No que se refere a mulheres ex-combatentes que participaram na luta anticolonial do MPLA existem muitas autobiografias, biografias e estudos sobre as suas histórias de vida e o seu papel na conquista da independência. Proeminente entre as heroínas do MPLA é a Deolinda Rodrigues (1939-1967), posterizada em busto de bronze na praça que também leva o seu nome no Huambo. O seu contributo para a luta anticolonial é inegável. Deolinda Rodrigues foi poetisa, escritora, guerrilheira e militante e a única mulher a integrar, na década de 1960, o Comité Diretor do MPLA. Foi igualmente, cofundadora da Organização da Mulher Angolana (OMA), para além de ser parente de Roberto de Almeida e de Agostinho Neto, figuras-chaves do MPLA. No entanto, também ela se ressentiu da sua condição feminina, escrevendo em 1964 no diário que nos deixou: “Disseram-me que não vou para Ghana porque sou mulher […] Esta discriminação só por causa do meu sexo, revolta-me. Se me apanho fora deste MPLA erudito e masculino, não volto em breve” (Rodrigues 2003). Margarida Paredes (2011) afirma que a sua militância a transformou numa figura mítica da luta de libertação do país, mas silenciou a sua história de vida, dentro e fora do movimento político.

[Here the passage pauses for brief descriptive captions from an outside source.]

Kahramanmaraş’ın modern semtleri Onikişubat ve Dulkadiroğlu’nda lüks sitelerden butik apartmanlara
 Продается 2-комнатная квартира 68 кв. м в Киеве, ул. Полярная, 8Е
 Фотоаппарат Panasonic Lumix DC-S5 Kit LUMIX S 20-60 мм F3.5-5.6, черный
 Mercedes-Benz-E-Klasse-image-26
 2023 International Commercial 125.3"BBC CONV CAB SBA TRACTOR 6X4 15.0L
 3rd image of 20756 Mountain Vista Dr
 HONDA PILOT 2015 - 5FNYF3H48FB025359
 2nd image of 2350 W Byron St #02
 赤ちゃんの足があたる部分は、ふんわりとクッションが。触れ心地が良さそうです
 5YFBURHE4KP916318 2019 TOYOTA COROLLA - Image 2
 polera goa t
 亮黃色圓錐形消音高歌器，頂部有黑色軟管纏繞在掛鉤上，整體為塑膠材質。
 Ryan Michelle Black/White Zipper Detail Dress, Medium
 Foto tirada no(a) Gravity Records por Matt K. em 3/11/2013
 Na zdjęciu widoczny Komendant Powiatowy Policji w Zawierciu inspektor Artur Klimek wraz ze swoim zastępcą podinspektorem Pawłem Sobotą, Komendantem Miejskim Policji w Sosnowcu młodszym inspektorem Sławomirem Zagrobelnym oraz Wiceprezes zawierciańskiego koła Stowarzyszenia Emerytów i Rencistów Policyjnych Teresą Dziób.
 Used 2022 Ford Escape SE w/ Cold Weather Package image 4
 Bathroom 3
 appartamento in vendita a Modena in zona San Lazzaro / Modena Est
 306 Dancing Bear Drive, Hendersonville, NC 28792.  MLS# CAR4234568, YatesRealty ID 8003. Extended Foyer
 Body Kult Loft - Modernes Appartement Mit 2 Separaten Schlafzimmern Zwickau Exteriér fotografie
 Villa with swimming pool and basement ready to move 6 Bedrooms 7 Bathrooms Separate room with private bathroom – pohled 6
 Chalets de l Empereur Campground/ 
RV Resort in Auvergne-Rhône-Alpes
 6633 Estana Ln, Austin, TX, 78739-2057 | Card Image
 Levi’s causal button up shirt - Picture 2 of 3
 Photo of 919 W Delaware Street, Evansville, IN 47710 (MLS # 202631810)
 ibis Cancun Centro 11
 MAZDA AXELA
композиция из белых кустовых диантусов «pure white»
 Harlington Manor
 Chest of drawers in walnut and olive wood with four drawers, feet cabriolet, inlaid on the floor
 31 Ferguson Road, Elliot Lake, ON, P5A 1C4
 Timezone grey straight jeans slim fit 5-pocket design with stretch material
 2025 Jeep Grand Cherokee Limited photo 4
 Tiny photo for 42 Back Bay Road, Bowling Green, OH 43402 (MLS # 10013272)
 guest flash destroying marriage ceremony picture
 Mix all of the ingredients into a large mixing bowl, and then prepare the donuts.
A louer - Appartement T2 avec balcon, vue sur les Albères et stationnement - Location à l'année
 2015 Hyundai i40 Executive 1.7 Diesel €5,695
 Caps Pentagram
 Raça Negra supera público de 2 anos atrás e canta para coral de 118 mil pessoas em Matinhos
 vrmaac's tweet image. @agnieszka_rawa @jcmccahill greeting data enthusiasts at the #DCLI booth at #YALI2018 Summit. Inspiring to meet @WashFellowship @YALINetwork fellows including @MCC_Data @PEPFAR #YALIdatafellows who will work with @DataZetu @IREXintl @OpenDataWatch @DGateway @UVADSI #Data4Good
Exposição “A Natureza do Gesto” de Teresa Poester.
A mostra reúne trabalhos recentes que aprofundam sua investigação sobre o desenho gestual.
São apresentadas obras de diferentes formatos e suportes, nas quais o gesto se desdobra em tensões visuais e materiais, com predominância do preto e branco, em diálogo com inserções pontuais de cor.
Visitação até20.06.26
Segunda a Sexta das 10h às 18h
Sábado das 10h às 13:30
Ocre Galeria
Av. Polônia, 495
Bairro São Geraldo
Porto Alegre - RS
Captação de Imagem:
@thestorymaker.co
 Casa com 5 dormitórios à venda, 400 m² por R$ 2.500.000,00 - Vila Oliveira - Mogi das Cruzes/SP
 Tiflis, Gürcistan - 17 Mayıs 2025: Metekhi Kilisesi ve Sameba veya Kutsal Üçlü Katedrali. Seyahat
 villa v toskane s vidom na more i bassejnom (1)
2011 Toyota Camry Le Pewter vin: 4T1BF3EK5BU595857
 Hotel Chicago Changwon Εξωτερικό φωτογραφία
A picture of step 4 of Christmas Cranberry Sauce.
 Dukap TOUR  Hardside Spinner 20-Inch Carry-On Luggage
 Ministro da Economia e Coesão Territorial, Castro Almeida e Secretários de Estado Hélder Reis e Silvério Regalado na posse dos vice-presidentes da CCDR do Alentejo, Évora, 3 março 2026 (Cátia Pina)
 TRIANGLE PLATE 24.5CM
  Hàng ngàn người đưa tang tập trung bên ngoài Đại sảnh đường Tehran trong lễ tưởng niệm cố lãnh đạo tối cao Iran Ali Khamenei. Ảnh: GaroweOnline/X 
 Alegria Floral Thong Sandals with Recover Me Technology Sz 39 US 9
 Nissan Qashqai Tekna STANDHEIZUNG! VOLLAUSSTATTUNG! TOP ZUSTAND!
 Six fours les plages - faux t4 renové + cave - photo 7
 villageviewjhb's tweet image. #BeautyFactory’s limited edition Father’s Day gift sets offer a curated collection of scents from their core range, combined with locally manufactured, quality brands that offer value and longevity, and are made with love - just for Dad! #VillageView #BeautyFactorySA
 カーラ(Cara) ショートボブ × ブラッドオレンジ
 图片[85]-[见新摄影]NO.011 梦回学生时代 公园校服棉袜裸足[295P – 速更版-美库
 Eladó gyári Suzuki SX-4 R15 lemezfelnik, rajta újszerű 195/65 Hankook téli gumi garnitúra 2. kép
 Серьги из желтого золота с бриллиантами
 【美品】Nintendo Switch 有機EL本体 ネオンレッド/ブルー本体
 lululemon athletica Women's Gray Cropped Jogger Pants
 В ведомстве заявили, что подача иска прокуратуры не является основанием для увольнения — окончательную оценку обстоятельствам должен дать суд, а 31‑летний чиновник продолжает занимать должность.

Findas as lutas de libertação e a guerra civil que se seguiu, tem-se questionado a seletividade na representação de heroínas nacionais de um e não de outros partidos políticos. Tem surgido, igualmente, estudos sobre a participação crucial de mulheres rurais e de mulheres citadinas na guerrilha, que contribuíram anonimamente no transporte de armas e logística, nos cuidados de saúde e educação nas matas (Paredes 2015). Embora guerrilheiros de ambos os sexos pertencentes aos escalões mais baixos tenham, em certa medida, sido relegados ao papel de figurantes, são as vozes feminina na luta anticolonial as que literalmente ou figurativamente se tem mantido subordinadas aos influxos de iluminação masculina, tornando-as em “não-seres” ou simples coadjuvantes no projeto de Angola como nação imaginada.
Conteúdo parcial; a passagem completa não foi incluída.